It can look something as simple as this:

Data Contract Agreement

Producer: Data Engineering Team
Consumer: Business Intelligence Team

Data Schema:
- transaction_id (string)
- created_date (YYYY-MM-DD)
- product_name (string)
- amount (decimal)

Delivery Rules:
- Delivered as a CSV file
- Frequency: Weekly (Every Monday at 8:00 AM)
- Delivery Location: s3://fake-company-bucket/sales/YYYY/MM/DD/*.csv

Signed:
Producer: ___________________
Consumer: ___________________
Date: ___________________

CSV 📄

Best for tabular data when teams know tools like Excel and Python

  • Pros -

    • Supported by Excel

    • Easy to parse programmatically with Python

    • Familiar and straightforward for most users

  • Cons -

    • Only works for tabular data

    • Hard to enforce strict data validation

    • Hard to manage nested data and complex schema

    • Risk of parsing errors if data contains commas or special characters

Here’s an example:

Column Name,Data Type,Constraints
transaction_id,string,Unique
created_date,date,YYYY-MM-DD Format
product_name,string,Max 100 Characters
amount,decimal,Positive Numbers Only

JSON 🔷

For modern systems and APIs working with nested + hierarchical data

  • Pros -

    • Supports complex, nested data

    • Easy for humans and machines to read

    • Compatible with most modern tools, APIs and systems

  • Cons -

    • Hard to read for non-technical users

    • Gets harder to read once complexity grows

Here’s an example:

{
  "schema": {
    "transaction_id": "string",
    "created_date": "date (YYYY-MM-DD)",
    "product_name": "string",
    "amount": "decimal"
  },
  "delivery": {
    "frequency": "weekly",
    "delivery_time": "Monday at 8:00 AM",
    "location": "s3://fake-company-bucket/sales/YYYY/MM/DD/*.csv"
  }
}

YAML 🛠️

A cleaner alternative to JSON for configuration-driven workflows or teams familiar with DevOps practices

  • Pros -

    • Easy to read, even for non-technical users

    • Cleaner syntax than JSON, especially for nested data

    • Easy to edit manually

  • Cons -

    • Prone to errors if indentations are not correct

    • Not as widely supported as JSON in some ecosystems

Example:

schema:
  transaction_id: string
  created_date: date (YYYY-MM-DD)
  product_name: string
  amount: decimal

delivery:
  frequency: weekly
  delivery_time: Monday at 8:00 AM
  location: s3://fake-company-bucket/sales/YYYY/MM/DD/*.csv

Protobuf (Protocol Buffers)⚙️

If you want to serialize large data efficiently with low latency and strict schema enforcement

  • Pros -

    • Enforces strict schema validation

    • Optimized for speed and efficient/compact data storage

    • Great for machine-to-machine communication, especially in distributed systems

  • Cons -

    • Need special tools to parse or edit

    • May be difficult for non-technical users to read

syntax = "proto3";

message Transaction {
  string transaction_id = 1;
  string created_date = 2; // Format: YYYY-MM-DD
  string product_name = 3;
  double amount = 4; // Must be positive
}

Avro🗂️

For teams with big data workflows where schema enforcement and compatibility matter

  • Pros -

    • Efficiently serializes data

    • Supports schema evolution (forward and backward compatibility)
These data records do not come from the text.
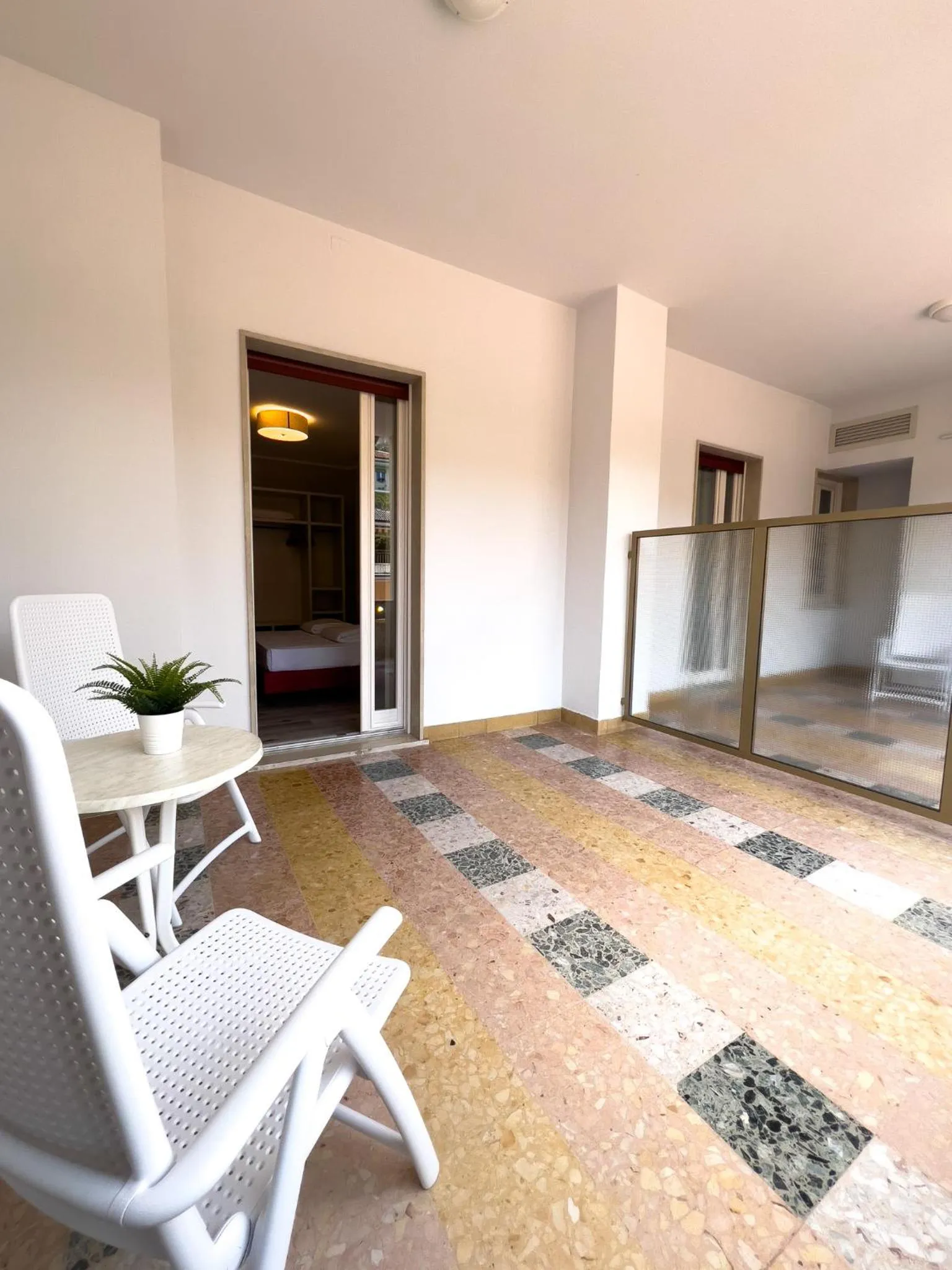 Balcony/Terrace in Hotel Benacus Torri del Benaco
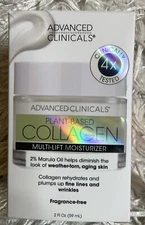 Advanced Clinicals Plant-Based Collagen Multi-Lift Moisturizer  2 fl oz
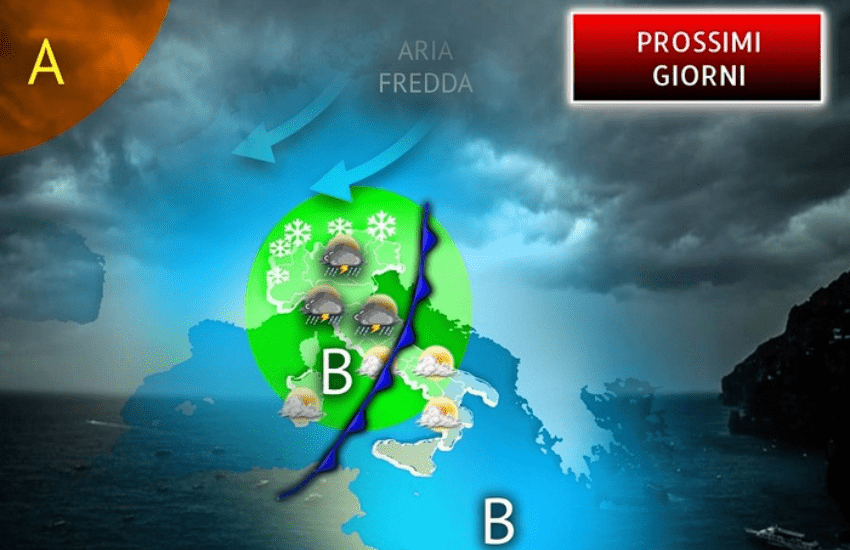 Meteo, tre giorni di rigido inverno: quel che si prevede per il ponte del 25 aprile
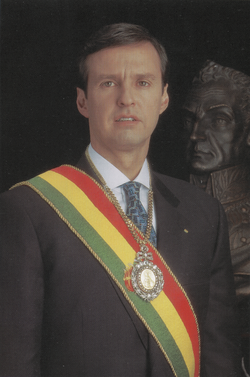 Jorge Quiroga. Suárez, Antonio. 2001, Antonio Suárez collection, La Paz.png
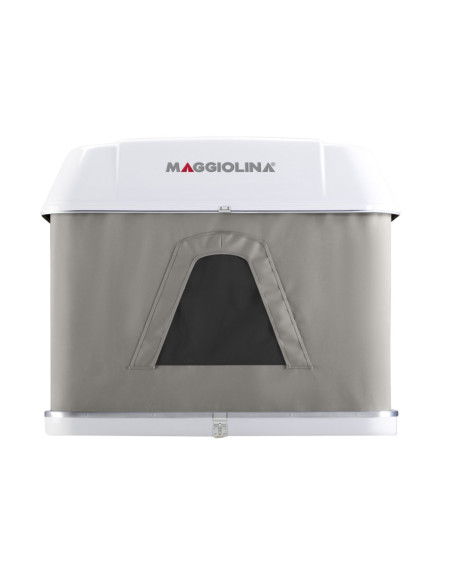 AUTOHOME Tente de toit Maggiolina Grand Tour Small coloris gris clair coque blanche
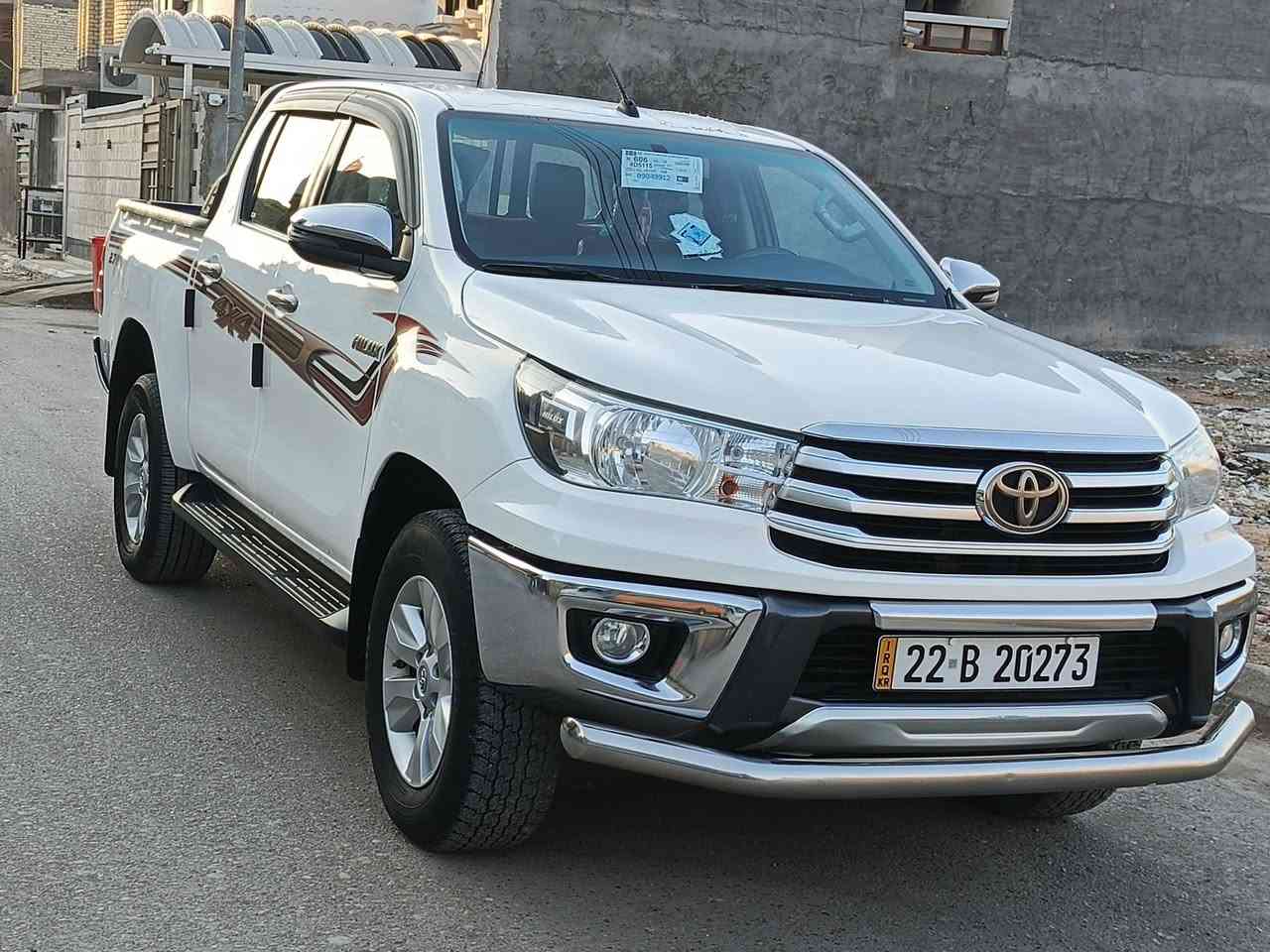 سلام عليكم بيكم هايلوكس 2020
مكفولة كفاله عامه
سيد نهرو مذهبه علامه ويدات 
بصمه بلادي + كامره خلفيه
حساسات خلفيه رقم اربيل
كير اوتو وقود بانزين 
تبريد قطعتين 
هوك خلفي امامي 
سكن بغداد ستفسار ***********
    • Works great with data tools like Hadoop and Hive

  • Cons -

    • Can be hard for non-technical users to read

    • Needs special tools to edit and view

Avro files are written using JSON-like syntax. Here’s an example of one:

{
  "type": "record",
  "name": "Transaction",
  "fields": [
    { "name": "transaction_id", "type": "string" },
    { "name": "created_date", "type": { "type": "string", "logicalType": "date" } },
    { "name": "product_name", "type": "string" },
    { "name": "amount", "type": "double" }
  ]
}

Open table formats (e.g. Delta, Iceberg)❄️

If you want your data to be version-controlled and used by modern data platforms

  • Pros -

    • Supports ACID transactions and schema evolution

    • Can integrate with big data tools (like Databricks, Snowflake)

    • Can version control and upsert data to support SCD type 2 use cases

  • Cons -

    • Needs specialized ecosystems to work well (…like Databricks, Snowflake etc)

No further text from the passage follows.